I will post pictures as soon as I get them









I am so proud of my boy!!


----------



## aubie (Dec 22, 2008)

Go bear dog!! Congrats!!!


----------



## Jason L (Mar 20, 2009)

Congrats!!!!


----------



## DancingCavy (Feb 19, 2001)

Awesome! Congratulations!


----------



## kleinenHain (Sep 20, 2007)

Thanks, Ike has proven to be a lot of fun in the show ring


----------



## lnsmdove (Oct 12, 2009)

Congratulations!! Atta boy, Ike!!!!!


Susan and Grace GSD


----------



## lnsmdove (Oct 12, 2009)

Good grief, I should have looked at the pics on your website BEFORE I hit the send key. He's gorgeous and a sable and you do SAR, now I'm just downright jealous. ;-) Congrats again!

Susan and Grace GSD


----------



## gagsd (Apr 24, 2003)

YEAHHH!!!


----------



## kleinenHain (Sep 20, 2007)

Susan thanks, Yes I do so enjoy SAR and Max my male lives to search









Thank Mary. I need to call you. check your email


----------



## SunCzarina (Nov 24, 2000)

Congrats Ike! Yes, pictures, he's such a gorgeous little bear.


----------



## Castlemaid (Jun 29, 2006)

Yeah for Ike!!! Congratulations!!!


----------



## kleinenHain (Sep 20, 2007)

Thanks.
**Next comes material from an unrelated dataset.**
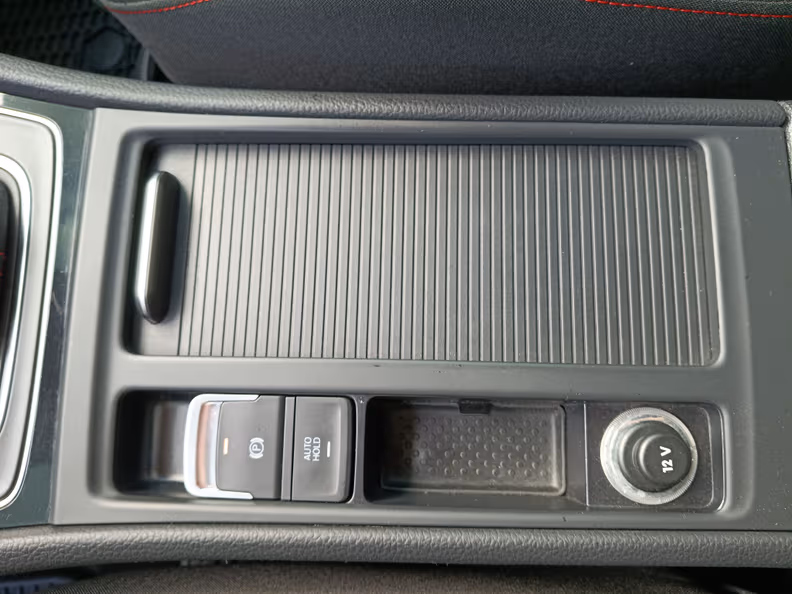 Volkswagen Golf - 59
I had a picture taken at the show but wont get it for about a week. will post it as soon as I get it


----------



## Samba (Apr 23, 2001)

Great news on the Ikester!! Can't wait to see photo!


----------



## kleinenHain (Sep 20, 2007)

Thanks I wish the ones my friend took were better


----------



## Caledon (Nov 10, 2008)

Congratulation! 4 1st place, that is amazing!


----------



## Deejays_Owner (Oct 5, 2005)




----------



## JakodaCD OA (May 14, 2000)

yeah Ikey boy!! a HUGE conrats! Can't wait to see the pic of that handsome dude)


----------



## JenM66 (Jul 28, 2005)




----------



## Kayos and Havoc (Oct 17, 2002)

That is awesome!!!!


----------



## kleinenHain (Sep 20, 2007)

Thanks, Ike did amazing being it was his first show and his first real outing.


----------



## Andaka (Jun 29, 2003)

Way to go Ike!


----------



## kearanentalo (Nov 2, 2009)

Very impressive! Love all the titles you have!!!


----------



## kleinenHain (Sep 20, 2007)

Thanks. Yeah, Max does have a lot of titles but he's about to step down and let someone else earn a few.

I can't wait until Enzo is ready!!


----------



## umzilla (Nov 2, 2007)

Congrats! 

And kudos to UKC for recognizing the European type!


----------